Processing paths 340 may also include a render path, and the GPU 300 may process render workloads (e.g., bin-rendering pass in-binning and in-direct rendering operations). In some cases, the render path may be used for rendering pass operations, and a number of primitives in each of a number of bins may be rendered separately. Accordingly, the GPU 300 may process render workloads by repeating the render path based on the number of bins.
For instance, the GPU 300 may render to a bin and perform the draws for the primitives or pixels in the bin. Additionally, the GPU 300 may render to another bin and perform the draws for the primitives or pixels in that bin. Therefore, in some aspects, there may be a small number of bins, e.g., four bins, that cover all of the draws in one surface. Further, the GPU 300 may cycle through all of the draws in one bin, but perform the draws for the draw calls that are visible (e.g., draw calls that include visible geometry). In some aspects, a visibility stream may be generated (e.g., during a binning pass) to determine the visibility information of each primitive in an image or scene. For instance, this visibility stream may identify whether a certain primitive is visible or not. In some aspects, this information may be used to remove primitives that are not visible.
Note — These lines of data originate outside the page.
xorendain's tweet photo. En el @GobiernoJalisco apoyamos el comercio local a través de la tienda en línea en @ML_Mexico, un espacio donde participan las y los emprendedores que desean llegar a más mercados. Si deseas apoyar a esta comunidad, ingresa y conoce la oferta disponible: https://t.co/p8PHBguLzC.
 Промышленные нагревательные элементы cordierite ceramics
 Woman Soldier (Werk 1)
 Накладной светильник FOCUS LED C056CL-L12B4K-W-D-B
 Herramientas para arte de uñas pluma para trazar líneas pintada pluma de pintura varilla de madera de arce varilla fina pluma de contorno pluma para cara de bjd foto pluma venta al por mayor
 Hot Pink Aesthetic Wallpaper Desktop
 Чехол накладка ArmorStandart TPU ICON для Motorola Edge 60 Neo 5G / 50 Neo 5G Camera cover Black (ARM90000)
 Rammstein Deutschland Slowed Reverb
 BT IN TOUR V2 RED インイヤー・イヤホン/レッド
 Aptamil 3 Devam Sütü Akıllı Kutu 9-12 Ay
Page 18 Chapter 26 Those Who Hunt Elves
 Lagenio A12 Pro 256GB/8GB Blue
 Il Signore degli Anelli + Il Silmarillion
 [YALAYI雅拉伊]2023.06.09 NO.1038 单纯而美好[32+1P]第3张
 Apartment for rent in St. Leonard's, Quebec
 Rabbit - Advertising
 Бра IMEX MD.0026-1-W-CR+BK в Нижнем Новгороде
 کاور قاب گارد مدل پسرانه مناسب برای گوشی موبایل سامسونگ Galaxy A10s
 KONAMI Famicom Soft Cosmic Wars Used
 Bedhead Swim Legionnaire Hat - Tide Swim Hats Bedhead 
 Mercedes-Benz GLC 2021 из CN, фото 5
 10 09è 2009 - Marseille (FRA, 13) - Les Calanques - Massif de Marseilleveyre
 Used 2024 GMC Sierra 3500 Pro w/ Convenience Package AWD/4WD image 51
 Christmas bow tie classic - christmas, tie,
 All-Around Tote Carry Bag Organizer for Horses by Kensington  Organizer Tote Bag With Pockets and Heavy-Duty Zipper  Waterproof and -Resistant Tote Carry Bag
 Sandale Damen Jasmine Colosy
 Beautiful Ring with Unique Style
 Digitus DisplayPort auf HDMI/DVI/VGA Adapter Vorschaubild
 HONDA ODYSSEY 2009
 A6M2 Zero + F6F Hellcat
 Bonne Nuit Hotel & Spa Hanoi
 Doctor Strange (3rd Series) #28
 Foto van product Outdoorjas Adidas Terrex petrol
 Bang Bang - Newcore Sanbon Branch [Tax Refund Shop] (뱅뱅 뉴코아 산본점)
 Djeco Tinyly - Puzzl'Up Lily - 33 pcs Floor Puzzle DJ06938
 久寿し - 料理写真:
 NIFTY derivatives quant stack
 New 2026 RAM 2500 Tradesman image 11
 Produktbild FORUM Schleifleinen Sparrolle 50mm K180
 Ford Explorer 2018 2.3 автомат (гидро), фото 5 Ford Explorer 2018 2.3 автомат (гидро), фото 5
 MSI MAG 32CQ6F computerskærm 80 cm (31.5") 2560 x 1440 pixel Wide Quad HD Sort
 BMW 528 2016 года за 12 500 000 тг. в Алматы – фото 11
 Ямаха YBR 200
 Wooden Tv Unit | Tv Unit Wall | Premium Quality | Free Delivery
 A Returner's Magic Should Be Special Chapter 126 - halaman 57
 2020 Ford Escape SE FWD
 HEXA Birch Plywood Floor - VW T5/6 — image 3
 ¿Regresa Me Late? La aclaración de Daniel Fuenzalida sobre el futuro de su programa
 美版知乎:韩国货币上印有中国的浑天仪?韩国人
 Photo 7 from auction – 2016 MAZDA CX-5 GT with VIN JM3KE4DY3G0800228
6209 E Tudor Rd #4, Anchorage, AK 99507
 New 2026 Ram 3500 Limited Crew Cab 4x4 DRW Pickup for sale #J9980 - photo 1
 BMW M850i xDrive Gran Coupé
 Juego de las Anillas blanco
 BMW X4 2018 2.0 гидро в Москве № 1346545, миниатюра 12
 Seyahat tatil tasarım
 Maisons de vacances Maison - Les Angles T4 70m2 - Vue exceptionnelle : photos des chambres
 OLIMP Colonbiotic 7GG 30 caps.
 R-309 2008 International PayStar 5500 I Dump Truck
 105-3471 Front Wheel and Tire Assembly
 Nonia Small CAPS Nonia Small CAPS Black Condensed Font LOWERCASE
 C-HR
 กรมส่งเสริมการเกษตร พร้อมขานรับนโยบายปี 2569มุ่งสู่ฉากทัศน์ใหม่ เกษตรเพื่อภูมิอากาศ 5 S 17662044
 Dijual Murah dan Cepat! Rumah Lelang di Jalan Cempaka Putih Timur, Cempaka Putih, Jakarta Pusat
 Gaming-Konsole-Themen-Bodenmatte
In some cases, at least some of the primitives that may be identified as visible may be rendered in the rendering pass.
In some aspects of tiled rendering, there may be multiple processing phases or passes. For instance, the rendering may be performed in two passes (e.g., in a visibility or bin-visibility pass and in a rendering or bin-rendering pass). During a visibility pass, the GPU 300 may input a rendering workload, record the positions of the primitives or triangles, and determine which primitives or triangles fall into which bin or area. In some aspects of a visibility pass, the GPU 300 may identify or mark the visibility of each primitive or triangle in a visibility stream. During a rendering pass, the GPU 300 may input the visibility stream and process one bin or area at a time. In some aspects, the visibility stream may be analyzed to determine which primitives, or vertices of primitives, are visible or not visible. As such, the primitives, or vertices of primitives, that are visible may be processed. By doing so, the GPU 300 may reduce the unnecessary workload of processing or rendering primitives or triangles that are not visible.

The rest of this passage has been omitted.